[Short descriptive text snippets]

•••••

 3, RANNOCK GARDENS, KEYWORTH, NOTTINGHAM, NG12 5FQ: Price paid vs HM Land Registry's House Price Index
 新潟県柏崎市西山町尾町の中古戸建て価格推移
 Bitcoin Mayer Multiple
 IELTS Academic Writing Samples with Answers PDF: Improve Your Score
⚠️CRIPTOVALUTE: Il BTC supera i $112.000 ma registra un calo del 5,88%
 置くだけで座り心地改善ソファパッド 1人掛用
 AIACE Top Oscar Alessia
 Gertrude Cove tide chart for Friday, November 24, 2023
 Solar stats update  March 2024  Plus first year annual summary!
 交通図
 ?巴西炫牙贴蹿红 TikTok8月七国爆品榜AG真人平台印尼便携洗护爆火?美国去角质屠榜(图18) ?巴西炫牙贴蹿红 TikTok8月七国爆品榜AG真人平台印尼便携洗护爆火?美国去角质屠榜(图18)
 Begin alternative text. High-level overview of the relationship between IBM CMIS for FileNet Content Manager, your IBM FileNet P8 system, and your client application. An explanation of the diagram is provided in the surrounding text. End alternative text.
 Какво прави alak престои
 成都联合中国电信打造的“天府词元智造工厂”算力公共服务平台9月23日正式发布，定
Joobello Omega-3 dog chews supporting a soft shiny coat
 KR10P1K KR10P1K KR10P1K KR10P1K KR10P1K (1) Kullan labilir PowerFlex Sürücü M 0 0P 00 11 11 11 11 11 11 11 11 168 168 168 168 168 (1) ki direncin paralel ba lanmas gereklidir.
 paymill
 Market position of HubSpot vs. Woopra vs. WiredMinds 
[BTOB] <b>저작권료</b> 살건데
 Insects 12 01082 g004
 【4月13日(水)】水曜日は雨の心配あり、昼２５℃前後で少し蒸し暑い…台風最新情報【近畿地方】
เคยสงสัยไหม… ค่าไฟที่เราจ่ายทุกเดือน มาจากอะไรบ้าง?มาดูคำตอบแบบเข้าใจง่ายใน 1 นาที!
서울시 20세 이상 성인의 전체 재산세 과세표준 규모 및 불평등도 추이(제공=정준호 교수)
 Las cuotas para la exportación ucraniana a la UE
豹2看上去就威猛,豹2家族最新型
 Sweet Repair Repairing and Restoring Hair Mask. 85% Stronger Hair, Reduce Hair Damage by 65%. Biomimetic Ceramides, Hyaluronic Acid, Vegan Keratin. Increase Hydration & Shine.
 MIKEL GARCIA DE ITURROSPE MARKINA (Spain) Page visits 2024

•••••

§ Your instructions: Lines from the one with "서울시 20세 이상 성인의" through the end of the data: set these down exactly, including both ends and nothing more.

§ Answer space:
서울시 20세 이상 성인의 전체 재산세 과세표준 규모 및 불평등도 추이(제공=정준호 교수)
 Las cuotas para la exportación ucraniana a la UE
豹2看上去就威猛,豹2家族最新型
 Sweet Repair Repairing and Restoring Hair Mask. 85% Stronger Hair, Reduce Hair Damage by 65%. Biomimetic Ceramides, Hyaluronic Acid, Vegan Keratin. Increase Hydration & Shine.
 MIKEL GARCIA DE ITURROSPE MARKINA (Spain) Page visits 2024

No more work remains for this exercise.